By clicking “Sign up for GitHub”, you agree to our terms of service and privacy statement. We’ll occasionally send you account related emails.

Already on GitHub? Sign in to your account

How do I add a model to run it locally? #851

Closed
gabriead opened this issue Sep 15, 2023 · 12 comments
Closed

How do I add a model to run it locally? #851

gabriead opened this issue Sep 15, 2023 · 12 comments

Comments

@gabriead
Copy link

gabriead commented Sep 15, 2023

Dear community,
I have set the repo up and running on my windows machine. However I do not udnerstand how I can add a model to run it locally on my machine. I have downloaded the model 'llama-2-7b-chat.ggmlv3.q8_0.bin' and placed it into the h20GPT root folder.
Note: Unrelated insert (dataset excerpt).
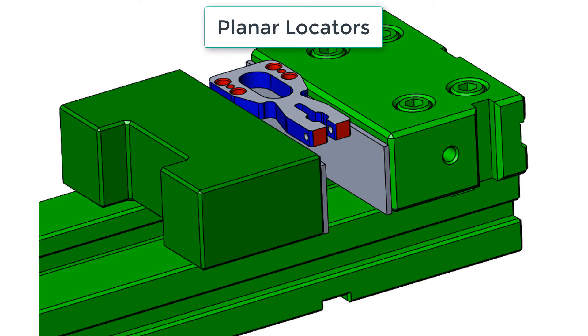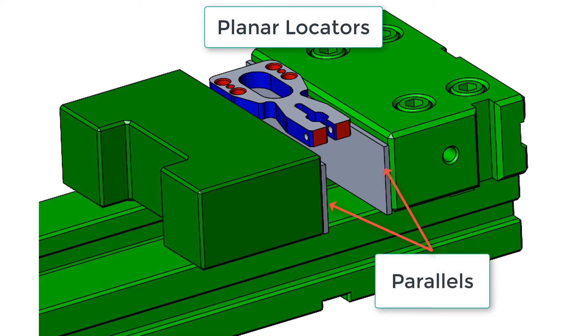In this video I want to introduce you to common planar locators used in the jig and fixture design industry. One of the most common types of planar locators are parallels as shown here in the vise. For small part runs they are often used as a three-point locator to raise the part out of the vise so it can be easily machined.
Then in the UI I have selcted it like so:
h20gpt

But if I entered anything in the prompt I get the error on the console:
AssertionError: Please choose a base model with --base_model (CLI) or load in Models Tab (gradio). Then start New Conversation
Can anyone point me into the right direction on how to do this correctly? Thank's a lot!

@pseudotensor
Copy link
Collaborator

pseudotensor commented Sep 15, 2023

Did you click the top button? i.e. "Download/Load Model"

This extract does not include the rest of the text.